_REQUIREMENT_: Take the listing and give it again exactly, from its first line to its last line.

_DATA BLOCK_:
:::
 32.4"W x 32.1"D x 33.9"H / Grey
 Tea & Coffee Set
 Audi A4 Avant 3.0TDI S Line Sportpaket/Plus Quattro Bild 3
:::
_SOLUTION FOR THIS EXERCISE_:
 32.4"W x 32.1"D x 33.9"H / Grey
 Tea & Coffee Set
 Audi A4 Avant 3.0TDI S Line Sportpaket/Plus Quattro Bild 3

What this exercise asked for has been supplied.